So The Gazette is planning to live with the Associated Press. A difficult decision, I’m sure, but one I fully support.
My letter notifying AP that The Gazette is planning to leave: http://is.gd/3xid Column explaining it to our readers should post shortly.
In that letter, dated Sept. 18, Mr. Buttry wrote:
Perhaps the moves you have made to sell AP content widely across the Internet were necessary decisions as you seek to adapt and prosper in the digital age. But those moves certainly have contributed to devaluing your content to members.
Yes, yes, yes. By selling its content to Google and Yahoo and others who take but don’t contribute stories, the AP has made the stories it provides to the wire service’s owners (it is a newspaper collective owned by its newspaper subscribers, after all) more or less useless. Every AP story run in the dead-tree edition has already been available for hours when it arrives on the reader’s front step (or drive way, or bushes, or roof). And it isn’t cheap, either, costing hundreds of thousands or millions, depending on a paper’s circulation.

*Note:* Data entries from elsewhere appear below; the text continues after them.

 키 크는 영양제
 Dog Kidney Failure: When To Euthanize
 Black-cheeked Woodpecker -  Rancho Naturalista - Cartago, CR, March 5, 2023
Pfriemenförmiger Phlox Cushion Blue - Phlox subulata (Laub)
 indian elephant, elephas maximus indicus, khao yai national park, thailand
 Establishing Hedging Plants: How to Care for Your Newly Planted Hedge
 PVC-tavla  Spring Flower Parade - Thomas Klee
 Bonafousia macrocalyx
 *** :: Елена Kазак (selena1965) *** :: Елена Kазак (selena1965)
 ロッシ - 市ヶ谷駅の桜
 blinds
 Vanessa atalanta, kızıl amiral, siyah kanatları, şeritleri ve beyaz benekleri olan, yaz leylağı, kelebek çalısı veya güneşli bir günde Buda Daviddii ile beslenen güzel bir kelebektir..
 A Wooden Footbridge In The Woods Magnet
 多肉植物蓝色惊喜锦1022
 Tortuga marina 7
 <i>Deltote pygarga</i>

The Gazette is just one of the papers that have threatened to leave (the AP requires two years’ notice to stop service, a requirement one paper has challenged). But local news is what will keep newspapers afloat, not wire content and certainly not stories readily available from Google or Yahoo.

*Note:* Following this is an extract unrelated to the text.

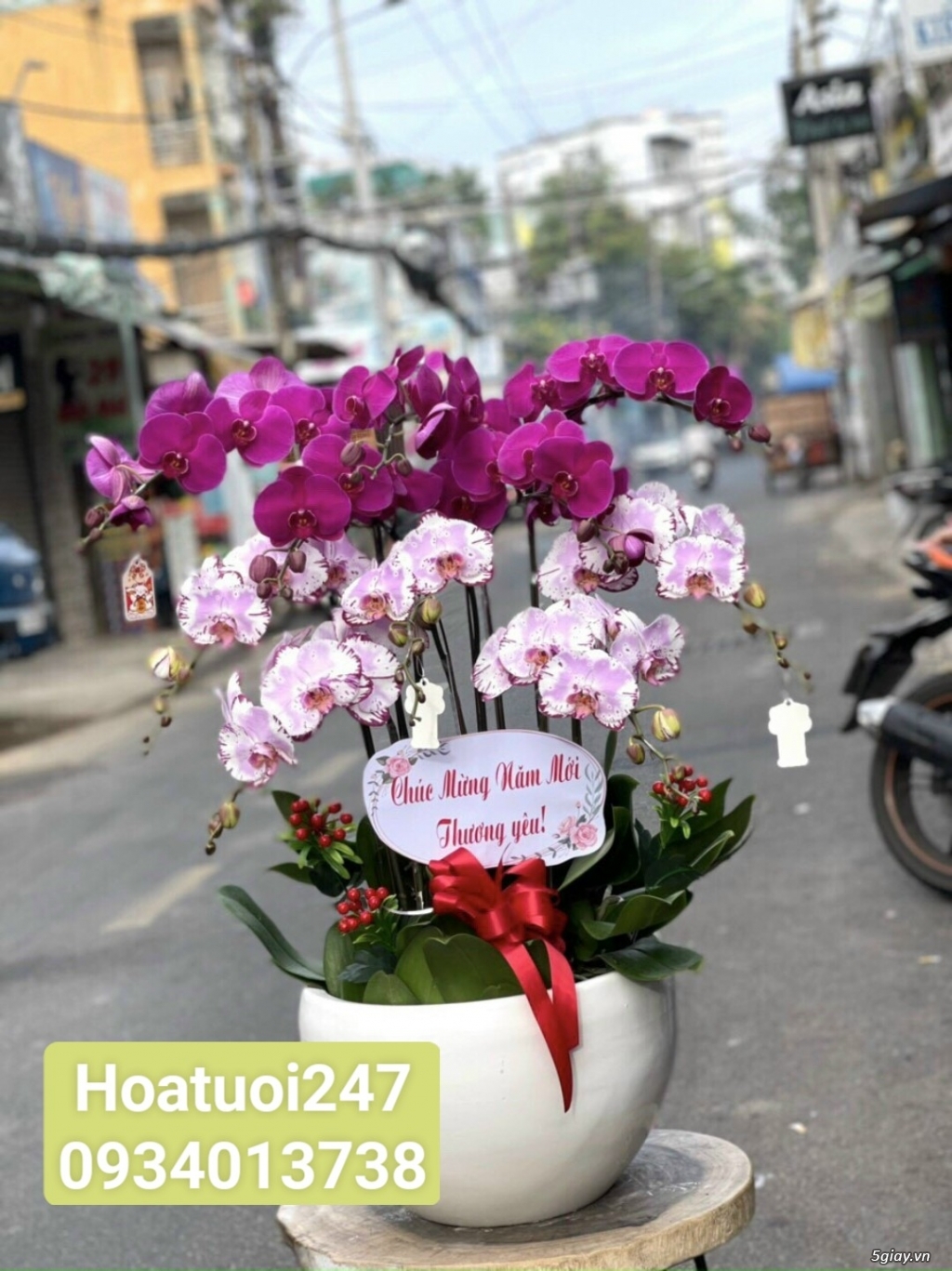Các mẫu hoa chia buồn bằng Lan Hồ Điệp tại Shop Hoa Tươi 247 TPHCM - 13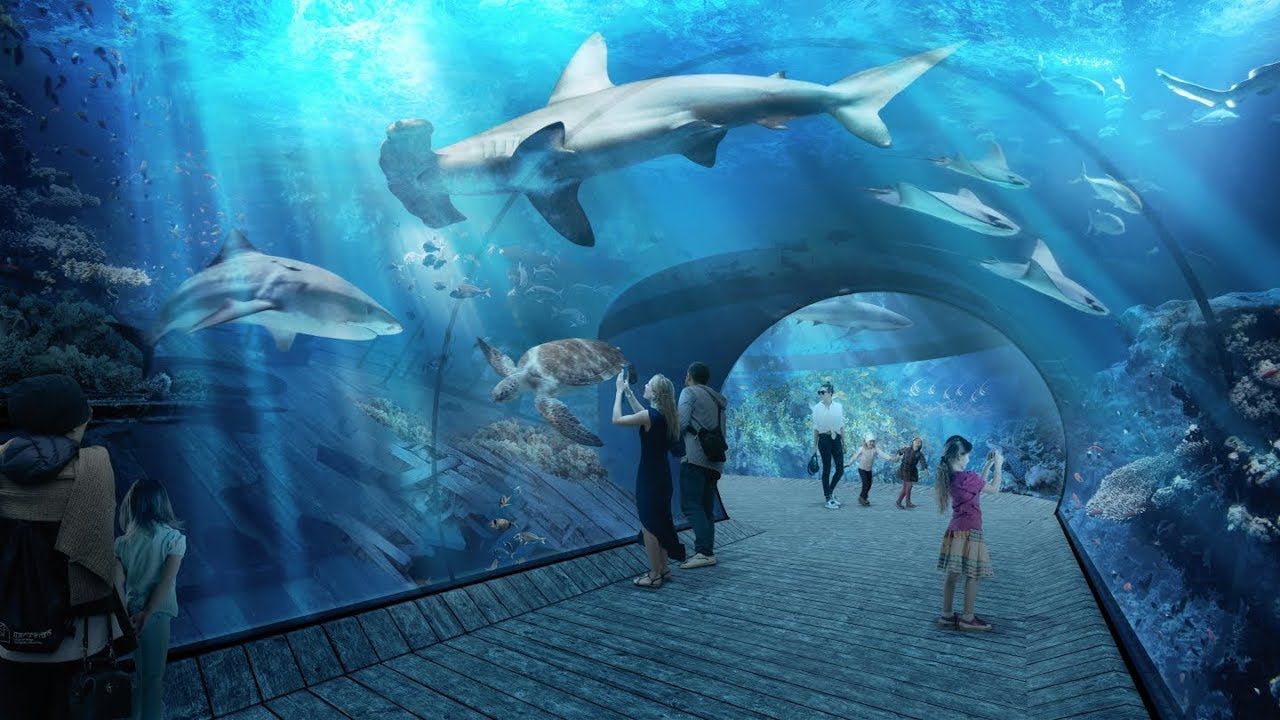 Największe w Europie. Oceanarium Nautilus Gdańsk otworzy się w 2022 roku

I’m not saying everyone should be or is getting her news online, but newspapers can’t compete in the long run if they pay more for less valuable content. By raising its rates, AP is pricing itself out of a lot of paper’s future plans. Local reporting is what the AP cannot do to any large degree and it’s what newspapers need more of to save themselves.

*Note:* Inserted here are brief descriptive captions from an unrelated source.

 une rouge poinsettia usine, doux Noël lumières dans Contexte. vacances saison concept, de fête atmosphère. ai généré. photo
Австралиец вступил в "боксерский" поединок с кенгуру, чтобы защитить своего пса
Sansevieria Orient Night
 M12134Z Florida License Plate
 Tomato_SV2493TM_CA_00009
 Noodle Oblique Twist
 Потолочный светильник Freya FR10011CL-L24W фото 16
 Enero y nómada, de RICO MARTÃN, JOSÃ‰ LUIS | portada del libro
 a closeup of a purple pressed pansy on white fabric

Update: In Mr. Buttry’s Sunday column, he gives three main reasons for the decision, similar to what other papers have said:
- The availability of the AP’s national and international news online lessens the value of the that news to the paper.
- The selection of state and sports news has declined.
- The AP has increased rates (6 percent to 10 percent for The Gazette) and decreased the service options.